The velvet darkness of a bridge drowned the stars for a moment; then, with a musical, abrupt cry of "Sta--i!" they swung round a corner into a narrow way that was silver and green in the face of the climbing moon.
The musically lovely night, the peace of the dim water-ways, the shadowing mystery of the steep, shuttered houses, with here and there a lit door or window ajar, sending a slant of yellow light across the deep green lane full of stars and the moon, the faint crooning of music far off, made a cool marvel of peace for strung nerves. Peter sat by Hilary in silence, and no longer wanted to ask questions. In the strange, enveloping wonder of the night, minor wonders died. What did it matter, anyhow? Hilary and Venice--Venice and Hilary--give them time, and one would explain the other.
It was Hilary who began to talk, and he talked about Cheriton, his nervous voice pitched on a high note of complaint.
"I do intensely dislike that man. The sort of person I've no use for, you know. So horribly on the spot; such sharp, unsoftened manners. All the terrible bright braininess of the Yankee combined with the obstreperous energy of the Philistine Briton. His mother is a young American, about to be married for the third time. The sort of exciting career one would expect from a parent of the delightful Jim. I cannot imagine why Lord Evelyn, who is a person of refinement, encourages him. Really, you know!"

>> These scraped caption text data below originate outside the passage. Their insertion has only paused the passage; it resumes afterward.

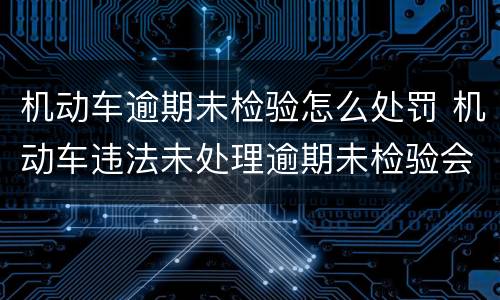 机动车逾期未检验怎么处罚 机动车违法未处理逾期未检验会造成什么后果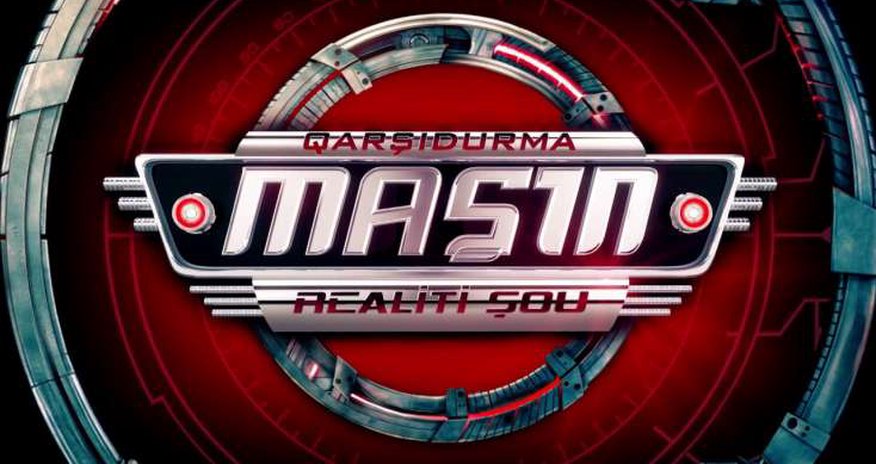 "Maşın" realiti şousunda onların iştirakı dəqiqləşdi — SİYAHI "Maşın" realiti şousunda onların iştirakı dəqiqləşdi — SİYAHI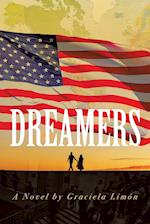 Dreamers: A Novel 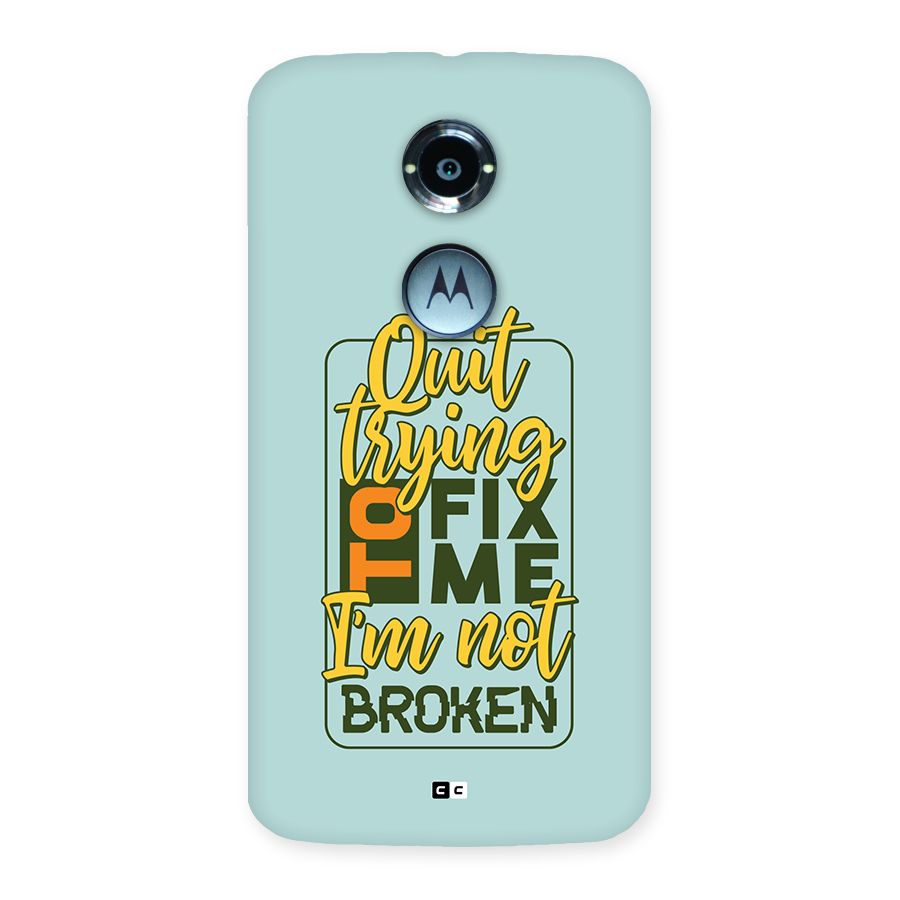 Not Broken Back Case for Moto X2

He grew very plaintive over it. Peter really did not wonder.
Peter's subconscious mind registered a dim impression that this was defensive talk, to fill the silence. Hilary was a nervous person, easily agitated. Probably the evening had agitated him. But he was no good at defence. His complaint of Jim Cheriton broke weakly on an unsteady laugh.
Peter nodded a.s.sent, and looked up the street of dim water, his chin propped in his hands, and thought how extraordinarily pleasant was the red light that slanted across the dark water from green doors ajar in steep house-walls.

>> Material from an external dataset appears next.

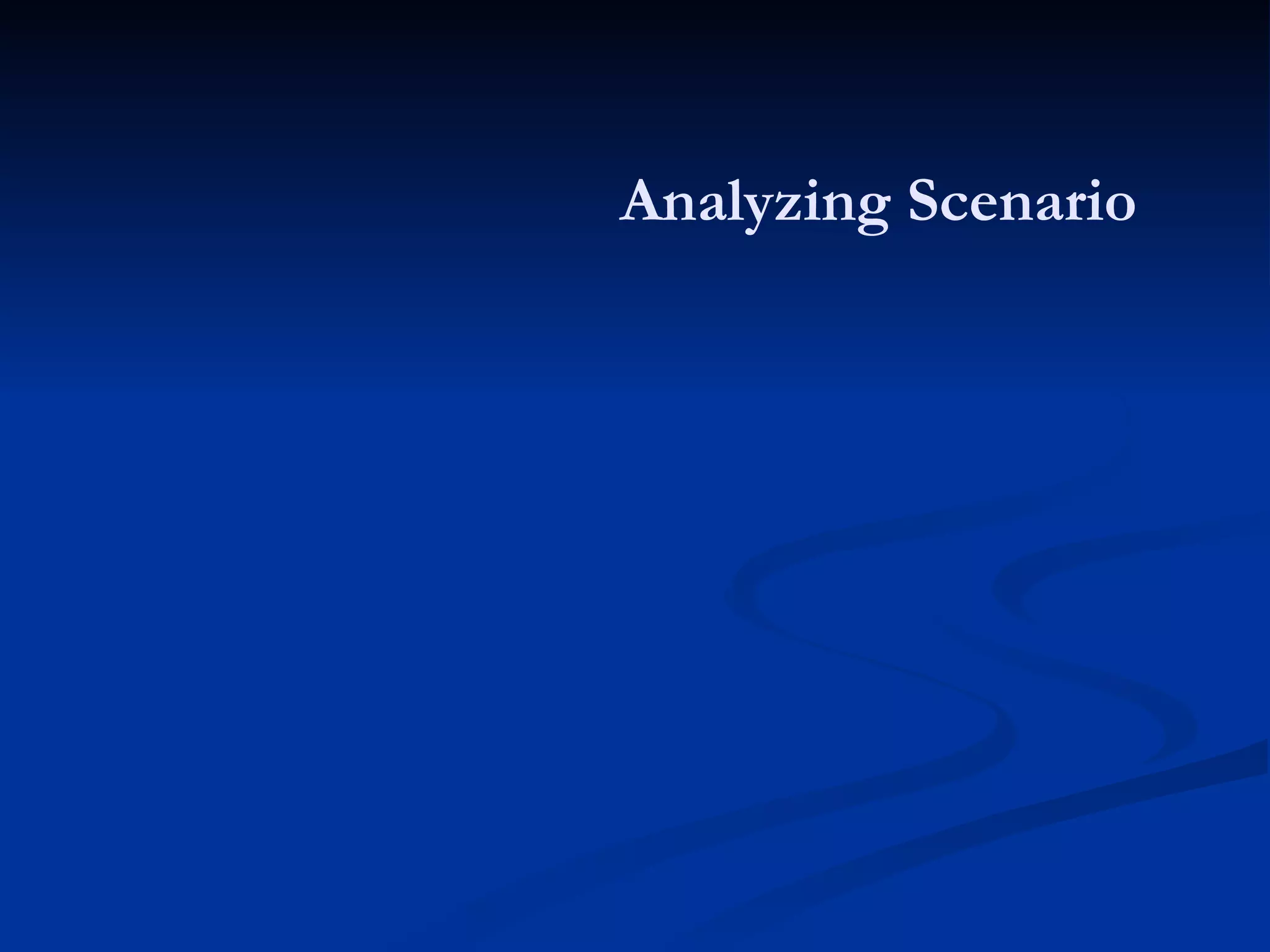 Analyzing Scenario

Hilary tried to light a cigar, and flung broken matches into spluttering darkness. At last he succeeded; and then, when he had smoked in silence for two minutes, he turned abruptly on Peter and said, "Well?"
Peter, dreamily turning towards him, felt the nervous challenge of his tone, and read it in his pale, tired face.
Peter pulled himself together and collected his thoughts. After all, one might as well know.
"Oh, well ... what? Yes, what about those ghastly statuettes, and all the rest of them? Why, when, how ... and what on earth for?"
Hilary, after a moment of silence, said, with a rather elaborate carelessness, "I saw you didn't like them."
At that Peter started a little, and the dreaminess of the night fell away from him.
"You saw ... oh." For a moment he couldn't think of anything else to say.
Then he laughed a little. "Why, yes, I imagine you did.... But what's the object of it all? Have you and Cheriton (by the way, why does he glare at us both so?) come to the conclusion that it's worth while playing that sort of game? If you have, I can't tell you how utterly wrong I think you are. Make him happy--oh, I know--but what extraordinary cheek on your part! I as near as possible gave you away--I did really. Besides, what did he mean by saying you'd advised him to buy the things--praised them in the Gem, and all that? You can't have gone so far as that--did you?"
After a moment of silence, Hilary turned abruptly and looked Peter in the face, taking the long cigar out of his mouth and holding it between two white, nervous fingers.
"Upon my word," said Hilary, speaking rather slowly, "Talk of cheek!